What is the theoretical justification for alternatives to MSE minimalisation?

I'm trying to wrap my head around the connection between statistical regression and its probability theoretical justification. In many books on statistics/machine learning, one is introduced to the idea of the loss function, which is then typically followed by a phrase of the flavour 'a popular choice for this function is mean squared loss'. As far as I understand, the justification for this choice stems from the theorem that

$$ \arg\min_{Z \in L^2(\mathcal{G})} \ \mathbb{E} \left[ (X - Z)^2 \right] = \mathbb{E} \left[ X \Vert \mathcal{G} \right] \tag{*} $$

where $X$ is the random variable to be estimated based on the information contained in $\mathcal{G}$. As far as I understand, probability theory teaches us that the conditional expectation $\mathbb{E}[X \Vert \mathcal{G}]$ is the best such estimate. If that's the case, why should our loss function still be a choice? Clearly we should be statistically estimating $\mathbb{E}[X \Vert \mathcal{G}]$, which by (*) implies minimizing the MSE.
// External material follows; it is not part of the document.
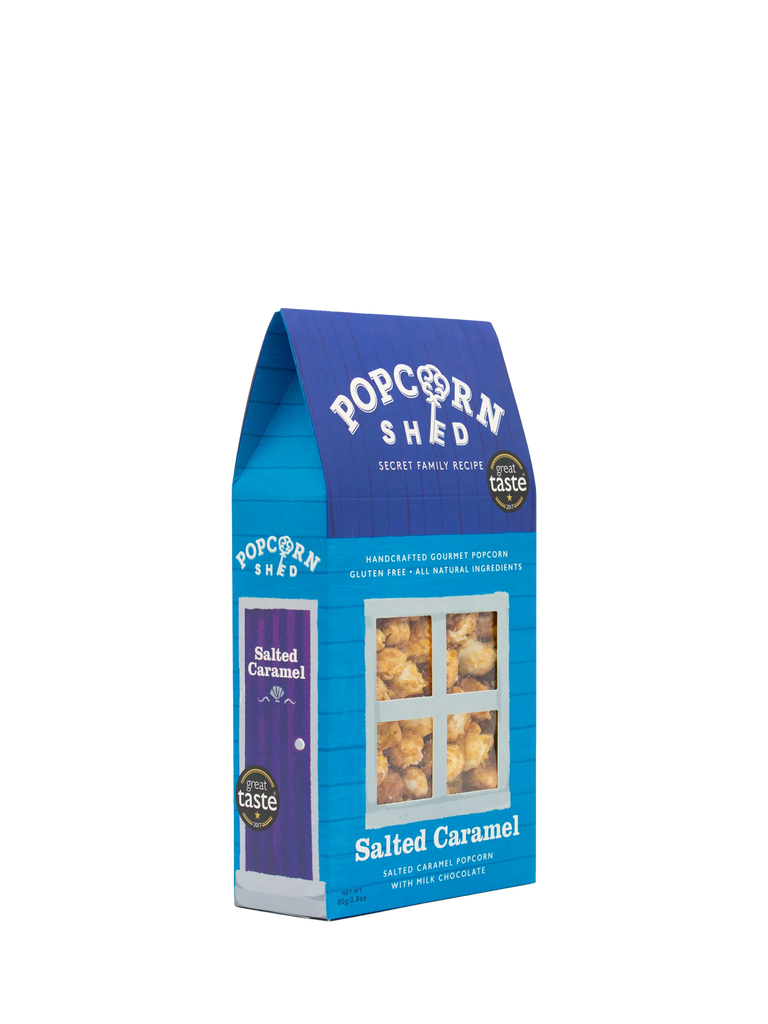 Popcorn Shed Sea Salt Caramel Popcorn, 80g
You could argue that such reasoning is circular because we define the conditional expectation to satisfy (*), but that's doesn't seem true, as we have conditional expectations for any random variable in $L^1$, and moreover there have been many eloquent posts on this website explaining how the $L^1$ definition can be intuitively interpreted in terms of the measurability capturing the information contained in $\mathcal{G}$, etc. I would greatly appreciate it if someone could clear up my confusion.


When considering a loss function you also need to consider the finite-sample convergence properties, variance, and existence of the conditional mean.

For example:

If the data are heavy tailed then the sample mean can swing rapidly until $n$ is large — or the mean may not exist (e.g. Cauchy error terms). You may then opt for a more robust loss function (e.g., https://en.m.wikipedia.org/wiki/Huber_loss)

Another example is when the impact of errors is not symmetric — you may want it to be a little biased based on economic considerations (asymmetric loss).

In the end — you need to get the best decisions from your algo given the quantity and quality of the data you have — quadratic loss or MSE may not be the best choice then.